BEGIN DATA TO EXAMINE

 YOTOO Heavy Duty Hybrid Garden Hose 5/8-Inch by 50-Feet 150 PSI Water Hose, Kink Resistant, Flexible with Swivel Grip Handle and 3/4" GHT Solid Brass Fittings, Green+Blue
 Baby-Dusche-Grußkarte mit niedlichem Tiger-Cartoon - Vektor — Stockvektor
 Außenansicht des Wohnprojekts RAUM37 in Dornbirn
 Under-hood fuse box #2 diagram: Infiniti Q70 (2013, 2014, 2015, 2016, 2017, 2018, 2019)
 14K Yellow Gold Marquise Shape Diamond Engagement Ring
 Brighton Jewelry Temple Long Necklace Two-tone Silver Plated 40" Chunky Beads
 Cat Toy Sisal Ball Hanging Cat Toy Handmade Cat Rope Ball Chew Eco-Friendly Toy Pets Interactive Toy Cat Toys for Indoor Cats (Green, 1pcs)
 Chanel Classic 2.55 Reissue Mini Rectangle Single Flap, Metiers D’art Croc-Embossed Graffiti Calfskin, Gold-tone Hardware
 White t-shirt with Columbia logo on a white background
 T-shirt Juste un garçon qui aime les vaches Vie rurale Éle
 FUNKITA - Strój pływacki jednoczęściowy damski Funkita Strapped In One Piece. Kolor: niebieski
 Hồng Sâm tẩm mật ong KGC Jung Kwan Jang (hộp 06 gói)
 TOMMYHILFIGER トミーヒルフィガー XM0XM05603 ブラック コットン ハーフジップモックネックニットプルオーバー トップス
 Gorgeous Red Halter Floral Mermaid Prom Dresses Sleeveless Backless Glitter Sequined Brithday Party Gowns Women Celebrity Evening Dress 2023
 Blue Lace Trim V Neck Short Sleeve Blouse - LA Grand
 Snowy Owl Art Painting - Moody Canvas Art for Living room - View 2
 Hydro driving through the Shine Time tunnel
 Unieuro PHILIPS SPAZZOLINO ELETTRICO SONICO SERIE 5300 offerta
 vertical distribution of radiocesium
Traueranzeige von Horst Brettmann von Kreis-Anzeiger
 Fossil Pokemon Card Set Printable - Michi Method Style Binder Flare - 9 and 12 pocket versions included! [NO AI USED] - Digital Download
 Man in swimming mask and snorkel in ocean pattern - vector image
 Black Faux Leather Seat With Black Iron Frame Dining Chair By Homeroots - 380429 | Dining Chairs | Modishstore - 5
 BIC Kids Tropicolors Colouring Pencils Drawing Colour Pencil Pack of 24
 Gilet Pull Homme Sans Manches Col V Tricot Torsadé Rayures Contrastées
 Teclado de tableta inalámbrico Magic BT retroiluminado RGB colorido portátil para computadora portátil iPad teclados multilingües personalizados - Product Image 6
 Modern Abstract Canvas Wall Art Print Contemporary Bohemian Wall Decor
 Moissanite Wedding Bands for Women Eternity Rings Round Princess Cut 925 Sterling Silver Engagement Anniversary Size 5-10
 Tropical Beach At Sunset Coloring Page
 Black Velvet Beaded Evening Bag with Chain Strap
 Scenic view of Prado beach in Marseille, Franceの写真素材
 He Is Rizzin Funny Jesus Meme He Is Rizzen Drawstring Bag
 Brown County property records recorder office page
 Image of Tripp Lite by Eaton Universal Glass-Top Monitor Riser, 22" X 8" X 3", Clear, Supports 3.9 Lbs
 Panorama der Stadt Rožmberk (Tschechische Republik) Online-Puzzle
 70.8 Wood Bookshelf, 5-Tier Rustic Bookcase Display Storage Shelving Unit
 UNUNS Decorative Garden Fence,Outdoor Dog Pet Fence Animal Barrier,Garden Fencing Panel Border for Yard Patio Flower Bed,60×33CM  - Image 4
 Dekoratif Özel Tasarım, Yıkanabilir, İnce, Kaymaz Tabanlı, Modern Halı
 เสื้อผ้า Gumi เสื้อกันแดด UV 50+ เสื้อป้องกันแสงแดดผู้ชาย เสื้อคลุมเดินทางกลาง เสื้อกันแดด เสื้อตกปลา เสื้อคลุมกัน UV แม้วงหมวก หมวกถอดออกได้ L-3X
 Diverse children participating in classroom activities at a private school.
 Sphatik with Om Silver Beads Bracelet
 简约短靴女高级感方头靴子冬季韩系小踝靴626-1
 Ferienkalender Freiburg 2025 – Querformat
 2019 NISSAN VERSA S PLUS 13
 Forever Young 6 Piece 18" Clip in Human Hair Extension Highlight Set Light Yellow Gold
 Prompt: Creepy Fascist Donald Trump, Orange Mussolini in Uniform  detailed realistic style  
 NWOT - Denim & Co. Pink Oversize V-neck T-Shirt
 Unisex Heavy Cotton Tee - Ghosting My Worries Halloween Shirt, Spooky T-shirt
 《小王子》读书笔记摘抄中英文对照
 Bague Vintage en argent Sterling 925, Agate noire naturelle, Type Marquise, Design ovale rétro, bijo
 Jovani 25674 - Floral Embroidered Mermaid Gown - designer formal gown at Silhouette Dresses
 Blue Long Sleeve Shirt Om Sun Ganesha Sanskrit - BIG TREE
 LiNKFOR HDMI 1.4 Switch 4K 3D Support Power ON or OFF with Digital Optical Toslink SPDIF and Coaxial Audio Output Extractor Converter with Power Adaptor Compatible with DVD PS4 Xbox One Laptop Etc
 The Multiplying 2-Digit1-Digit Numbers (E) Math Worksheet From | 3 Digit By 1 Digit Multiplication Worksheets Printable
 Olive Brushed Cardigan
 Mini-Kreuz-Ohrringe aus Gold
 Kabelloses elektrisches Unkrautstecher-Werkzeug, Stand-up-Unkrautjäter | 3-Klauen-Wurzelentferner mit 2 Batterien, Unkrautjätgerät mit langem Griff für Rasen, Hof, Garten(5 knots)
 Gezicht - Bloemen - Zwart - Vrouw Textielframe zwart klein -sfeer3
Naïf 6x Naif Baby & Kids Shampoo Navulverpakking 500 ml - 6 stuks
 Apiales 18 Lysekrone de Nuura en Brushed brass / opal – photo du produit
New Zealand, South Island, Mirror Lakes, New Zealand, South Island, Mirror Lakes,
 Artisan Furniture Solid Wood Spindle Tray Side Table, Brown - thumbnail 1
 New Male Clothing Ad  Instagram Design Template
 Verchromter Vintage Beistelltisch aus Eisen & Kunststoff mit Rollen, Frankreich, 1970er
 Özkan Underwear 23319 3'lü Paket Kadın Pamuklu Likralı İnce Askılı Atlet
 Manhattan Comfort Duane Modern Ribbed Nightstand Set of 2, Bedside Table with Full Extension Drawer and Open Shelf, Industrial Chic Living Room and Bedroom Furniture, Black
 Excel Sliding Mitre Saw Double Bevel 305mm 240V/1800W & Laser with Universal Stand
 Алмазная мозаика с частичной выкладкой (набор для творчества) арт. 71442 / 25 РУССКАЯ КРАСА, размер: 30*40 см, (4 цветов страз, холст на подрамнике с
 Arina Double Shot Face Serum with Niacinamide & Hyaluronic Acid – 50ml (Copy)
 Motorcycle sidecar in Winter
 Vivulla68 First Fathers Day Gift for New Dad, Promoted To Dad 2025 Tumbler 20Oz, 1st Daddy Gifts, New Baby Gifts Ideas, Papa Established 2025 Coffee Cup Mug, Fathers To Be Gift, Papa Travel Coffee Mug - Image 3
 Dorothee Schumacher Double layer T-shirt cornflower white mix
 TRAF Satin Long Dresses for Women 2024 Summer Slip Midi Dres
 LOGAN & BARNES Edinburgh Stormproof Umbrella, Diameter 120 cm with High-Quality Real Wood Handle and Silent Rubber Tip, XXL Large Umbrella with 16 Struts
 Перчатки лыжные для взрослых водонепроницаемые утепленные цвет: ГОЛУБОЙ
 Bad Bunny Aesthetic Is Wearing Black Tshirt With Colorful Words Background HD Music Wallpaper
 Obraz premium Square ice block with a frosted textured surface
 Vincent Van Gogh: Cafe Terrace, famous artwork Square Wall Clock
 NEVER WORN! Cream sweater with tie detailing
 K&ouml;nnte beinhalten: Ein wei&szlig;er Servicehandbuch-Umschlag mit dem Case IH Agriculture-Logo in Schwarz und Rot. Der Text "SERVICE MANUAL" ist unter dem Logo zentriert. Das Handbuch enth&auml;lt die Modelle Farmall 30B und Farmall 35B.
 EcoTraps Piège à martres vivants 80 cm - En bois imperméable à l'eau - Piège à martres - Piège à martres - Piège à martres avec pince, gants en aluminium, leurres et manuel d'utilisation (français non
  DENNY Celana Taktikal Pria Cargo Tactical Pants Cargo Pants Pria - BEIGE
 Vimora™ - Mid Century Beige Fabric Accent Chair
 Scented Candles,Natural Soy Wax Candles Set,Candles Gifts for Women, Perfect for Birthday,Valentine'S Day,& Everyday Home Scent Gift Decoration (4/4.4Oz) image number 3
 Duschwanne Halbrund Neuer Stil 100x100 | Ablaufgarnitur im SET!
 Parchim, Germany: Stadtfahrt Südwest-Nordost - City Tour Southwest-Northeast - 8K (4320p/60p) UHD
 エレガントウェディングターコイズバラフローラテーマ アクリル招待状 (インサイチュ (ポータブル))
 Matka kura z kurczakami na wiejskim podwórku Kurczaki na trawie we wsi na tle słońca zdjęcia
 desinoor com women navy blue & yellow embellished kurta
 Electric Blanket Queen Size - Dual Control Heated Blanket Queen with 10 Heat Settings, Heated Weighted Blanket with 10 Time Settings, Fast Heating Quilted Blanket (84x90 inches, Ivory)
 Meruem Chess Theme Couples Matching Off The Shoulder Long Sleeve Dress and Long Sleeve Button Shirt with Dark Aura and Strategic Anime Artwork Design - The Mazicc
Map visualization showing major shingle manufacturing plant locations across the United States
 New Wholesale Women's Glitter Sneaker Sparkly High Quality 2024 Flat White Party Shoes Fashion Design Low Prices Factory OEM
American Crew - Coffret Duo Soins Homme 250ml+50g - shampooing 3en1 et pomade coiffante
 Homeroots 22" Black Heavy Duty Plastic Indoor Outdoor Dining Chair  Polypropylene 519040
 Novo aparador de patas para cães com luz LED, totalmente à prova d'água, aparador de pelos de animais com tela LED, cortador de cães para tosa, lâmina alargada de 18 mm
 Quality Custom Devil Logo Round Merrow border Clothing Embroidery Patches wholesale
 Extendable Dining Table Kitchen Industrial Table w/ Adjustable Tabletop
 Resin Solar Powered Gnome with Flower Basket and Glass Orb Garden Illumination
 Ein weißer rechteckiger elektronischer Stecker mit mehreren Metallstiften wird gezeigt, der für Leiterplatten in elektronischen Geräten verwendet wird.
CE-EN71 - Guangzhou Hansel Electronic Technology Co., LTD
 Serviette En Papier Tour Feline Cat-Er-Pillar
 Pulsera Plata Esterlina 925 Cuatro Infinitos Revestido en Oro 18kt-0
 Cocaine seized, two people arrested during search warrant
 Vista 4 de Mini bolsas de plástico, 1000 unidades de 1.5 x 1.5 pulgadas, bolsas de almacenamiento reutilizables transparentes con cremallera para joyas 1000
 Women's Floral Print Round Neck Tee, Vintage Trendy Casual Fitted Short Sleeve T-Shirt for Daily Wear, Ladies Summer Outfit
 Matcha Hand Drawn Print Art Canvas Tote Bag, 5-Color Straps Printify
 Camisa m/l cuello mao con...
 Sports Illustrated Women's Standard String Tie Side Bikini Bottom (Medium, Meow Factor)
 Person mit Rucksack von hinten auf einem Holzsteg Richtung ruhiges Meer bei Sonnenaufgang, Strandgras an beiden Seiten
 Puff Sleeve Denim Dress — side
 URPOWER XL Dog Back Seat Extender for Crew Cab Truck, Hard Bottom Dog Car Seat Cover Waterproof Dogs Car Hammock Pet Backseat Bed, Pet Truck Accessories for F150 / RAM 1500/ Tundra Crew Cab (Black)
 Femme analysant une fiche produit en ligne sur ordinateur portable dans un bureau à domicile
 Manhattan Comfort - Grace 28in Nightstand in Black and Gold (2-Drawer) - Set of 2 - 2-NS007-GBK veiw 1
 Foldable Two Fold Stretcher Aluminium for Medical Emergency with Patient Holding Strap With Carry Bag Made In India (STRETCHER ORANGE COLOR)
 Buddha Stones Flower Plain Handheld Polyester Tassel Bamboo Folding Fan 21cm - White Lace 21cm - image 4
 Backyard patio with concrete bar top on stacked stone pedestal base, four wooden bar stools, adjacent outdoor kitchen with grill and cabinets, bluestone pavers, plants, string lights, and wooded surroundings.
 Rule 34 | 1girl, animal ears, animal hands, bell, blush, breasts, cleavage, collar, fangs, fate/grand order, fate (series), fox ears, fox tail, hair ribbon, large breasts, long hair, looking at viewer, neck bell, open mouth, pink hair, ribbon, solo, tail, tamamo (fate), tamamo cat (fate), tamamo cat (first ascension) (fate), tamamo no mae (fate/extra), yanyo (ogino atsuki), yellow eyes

END DATA TO EXAMINE

TASK ITEM: Each line from the beginning of the entries to the line with "FUNKITA - Strój" must be repeated exactly, with both end lines kept and no other lines given.

RESULT OF THE EXERCISE:
 YOTOO Heavy Duty Hybrid Garden Hose 5/8-Inch by 50-Feet 150 PSI Water Hose, Kink Resistant, Flexible with Swivel Grip Handle and 3/4" GHT Solid Brass Fittings, Green+Blue
 Baby-Dusche-Grußkarte mit niedlichem Tiger-Cartoon - Vektor — Stockvektor
 Außenansicht des Wohnprojekts RAUM37 in Dornbirn
 Under-hood fuse box #2 diagram: Infiniti Q70 (2013, 2014, 2015, 2016, 2017, 2018, 2019)
 14K Yellow Gold Marquise Shape Diamond Engagement Ring
 Brighton Jewelry Temple Long Necklace Two-tone Silver Plated 40" Chunky Beads
 Cat Toy Sisal Ball Hanging Cat Toy Handmade Cat Rope Ball Chew Eco-Friendly Toy Pets Interactive Toy Cat Toys for Indoor Cats (Green, 1pcs)
 Chanel Classic 2.55 Reissue Mini Rectangle Single Flap, Metiers D’art Croc-Embossed Graffiti Calfskin, Gold-tone Hardware
 White t-shirt with Columbia logo on a white background
 T-shirt Juste un garçon qui aime les vaches Vie rurale Éle
 FUNKITA - Strój pływacki jednoczęściowy damski Funkita Strapped In One Piece. Kolor: niebieski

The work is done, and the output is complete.